A Look at the WOMBAT Architecture

• WOMBAT is based on an architecture proposed by Dale Skrien.
• I have my own personal simulation environment for this architecture.
  • It is written in C++
  • Uses FLTK
  • Uses flex and bison compiler tools.
  • If these tools are installed in a linux environment, you should be able to build it.
  • I have no idea about windows.
  • I would love to have this moved to javascript available on line, if interested see me. (There is a student working on this)
  • I would love to have a circuit level implementation of this machine, if interested see me.
• There are three components currently.
  • An assembler (was)
  • A gui simulator (guiSim)
  • A text based simulator (sim)
• Documentation is available here as are example programs, source code, ...
• The machine has a very simple instruction set
  • All basic instructions operate on
    • The data at the address in memory
      • You may assume memory is a large array of integers.

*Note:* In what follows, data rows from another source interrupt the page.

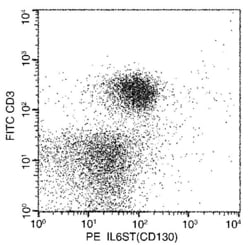 Invitrogen GP130 Recombinant Rabbit Monoclonal Antibody (022), PE 100 Tests;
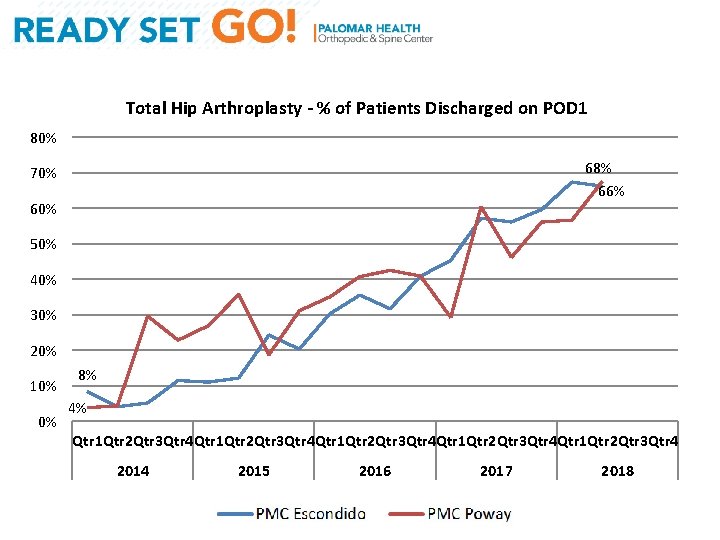 Total Hip Arthroplasty - % of Patients Discharged on POD 1 80% 68% 66%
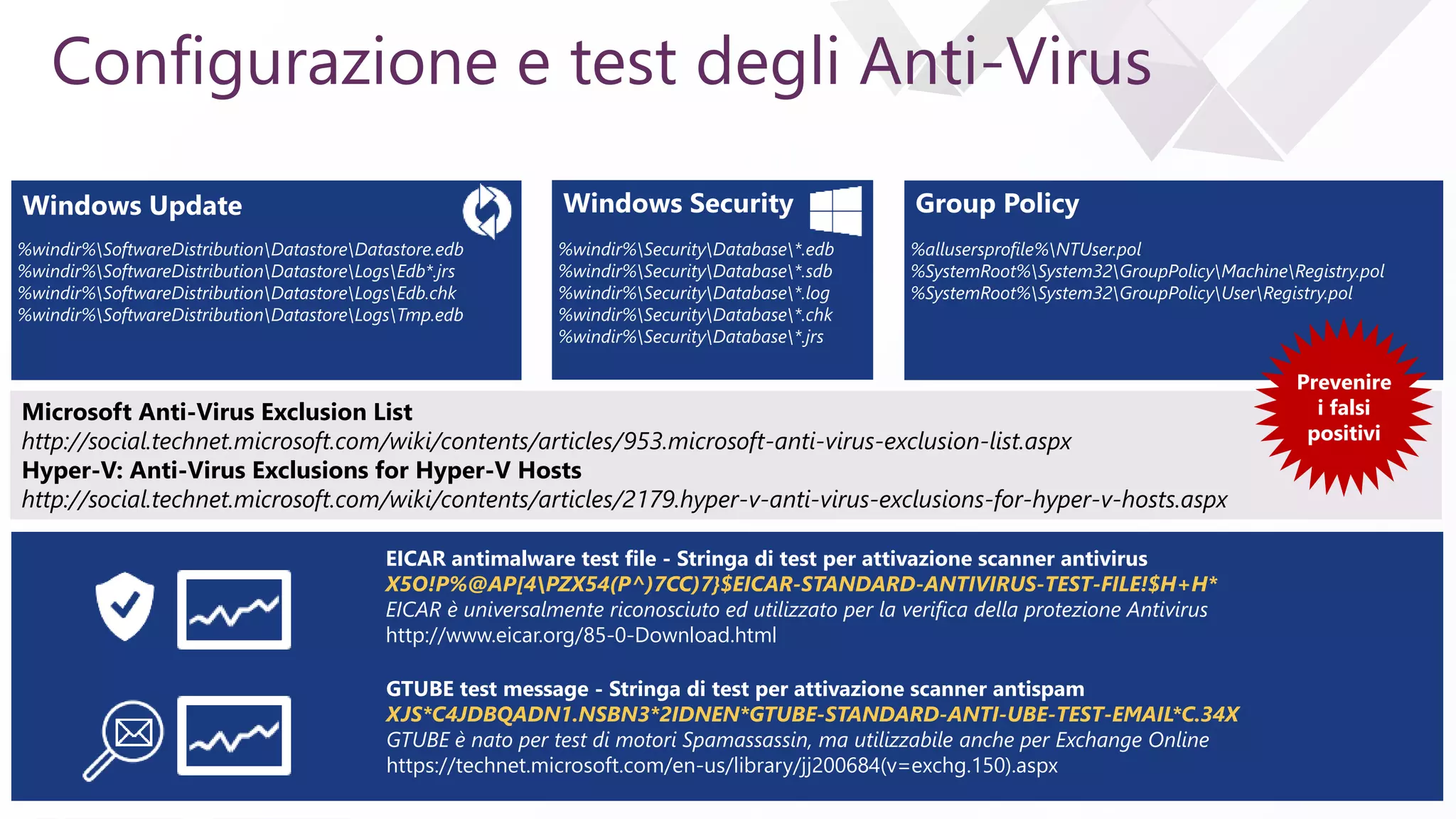 e
Configurazione e test degli Anti-Virus
%windir%SoftwareDistributionDatastoreDatastore.edb
%windir%SoftwareDistributionDatastoreLogsEdb*.jrs
%windir%SoftwareDistributionDatastoreLogsEdb.chk
%windir%SoftwareDistributionDatastoreLogsTmp.edb
Windows Update
%windir%SecurityDatabase*.edb
%windir%SecurityDatabase*.sdb
%windir%SecurityDatabase*.log
%windir%SecurityDatabase*.chk
%windir%SecurityDatabase*.jrs
Windows Security
%allusersprofile%NTUser.pol
%SystemRoot%System32GroupPolicyMachineRegistry.pol
%SystemRoot%System32GroupPolicyUserRegistry.pol
Group Policy
EICAR antimalware test file - Stringa di test per attivazione scanner antivirus
X5O!P%@AP[4PZX54(P^)7CC)7}$EICAR-STANDARD-ANTIVIRUS-TEST-FILE!$H+H*
EICAR è universalmente riconosciuto ed utilizzato per la verifica della protezione Antivirus
http://www.eicar.org/85-0-Download.html
GTUBE test message - Stringa di test per attivazione scanner antispam
XJS*C4JDBQADN1.NSBN3*2IDNEN*GTUBE-STANDARD-ANTI-UBE-TEST-EMAIL*C.34X
GTUBE è nato per test di motori Spamassassin, ma utilizzabile anche per Exchange Online
https://technet.microsoft.com/en-us/library/jj200684(v=exchg.150).aspx
Microsoft Anti-Virus Exclusion List
http://social.technet.microsoft.com/wiki/contents/articles/953.microsoft-anti-virus-exclusion-list.aspx
Hyper-V: Anti-Virus Exclusions for Hyper-V Hosts
http://social.technet.microsoft.com/wiki/contents/articles/2179.hyper-v-anti-virus-exclusions-for-hyper-v-hosts.aspx
Prevenire
i falsi
positivi
 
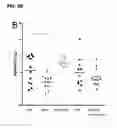 Fig. 11 - Nutritional supplements containing a peptide component and uses thereof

      • Index from 0 to MEMORY_SIZE
      • Memory is byte addressable
        • The smallest amount of memory you can access is a byte
      • But for all practical purposes, all data and instructions must be word aligned.

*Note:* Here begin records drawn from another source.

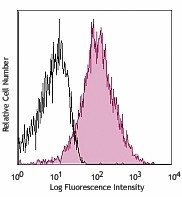 APC/Cyanine7 anti-mouse/human CD44 Antibody (103027)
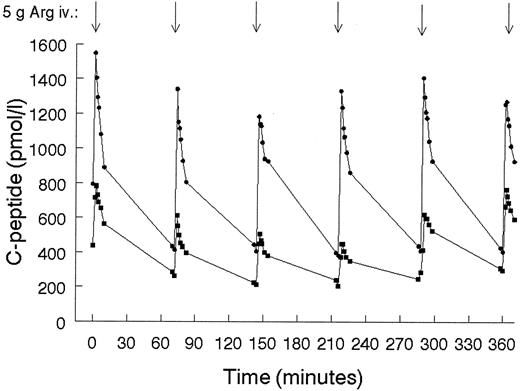 FIG. 2. Time-response study of C-peptide responses to sequential intravenous arginine (5 g) in two patients with type 2 diabetes during a 6-h somatostatin-insulin clamp during which the glucose level was maintained constant.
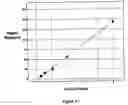 Fig. 07 - System and method for absolute quantitation of proteins using LC/MS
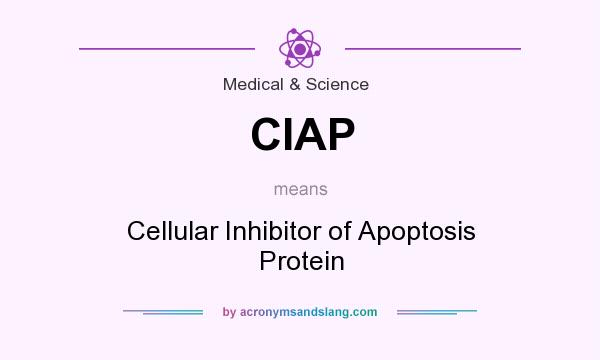 What does CIAP mean? It stands for Cellular Inhibitor of Apoptosis Protein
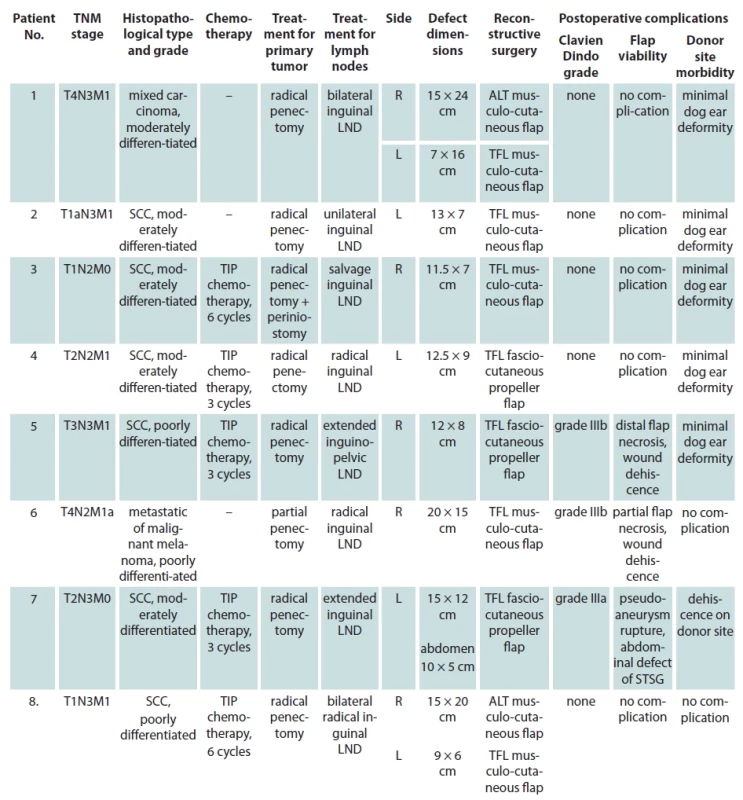 Perioperative fi ndings and outcomes of the patients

        • A word, in this machine, is 16 bits.
        • The last bit in a legal address is a 0.
        • Bytes 0 and 1 constitute a word
        • Bytes 2 and 3 constitute a word
    • The single general purpose register, the accumulator (ACC).
  • ADD 100
    • Fetches the 16 bit word at memory location 100 (this is hex)
    • Adds this to the value currently stored in the accumulator
    • Stores the result in the accumulator.
  • The same is true for Subtract, Multiply, Divide
  • LOAD will load a value from memory and store it in the accumulator.
  • STORE will store the value of the accumulator into the location in memory.
  • ADDI does not use memory, instead the value listed in the instruction is added to the accumulator and stored in the accumulator.
  • LOADI and STOREI allow for indirect indexing.
    • Think pointer.
    • The pointer is stored in memory.
  • READ and WRITE are instructions that perform input and output
    • Data is either read from or written to the accumulator.
    • Output is presented to the user.
    • The inREG is a special purpose input register.
    • The outREG is a special purpose output register.
  • JMP, JMPN and JMPZ are used for flow control.
    • JMP changes the program counter (PC), a special purpose register, to the value stored in the instruction.
    • Both JMPN and JMPZ examine the program counter.
      • If it is negative (JMPN)
      • Or if it is zero (JMPZ)
      • The value of the PC is changed the value encoded in the instruction.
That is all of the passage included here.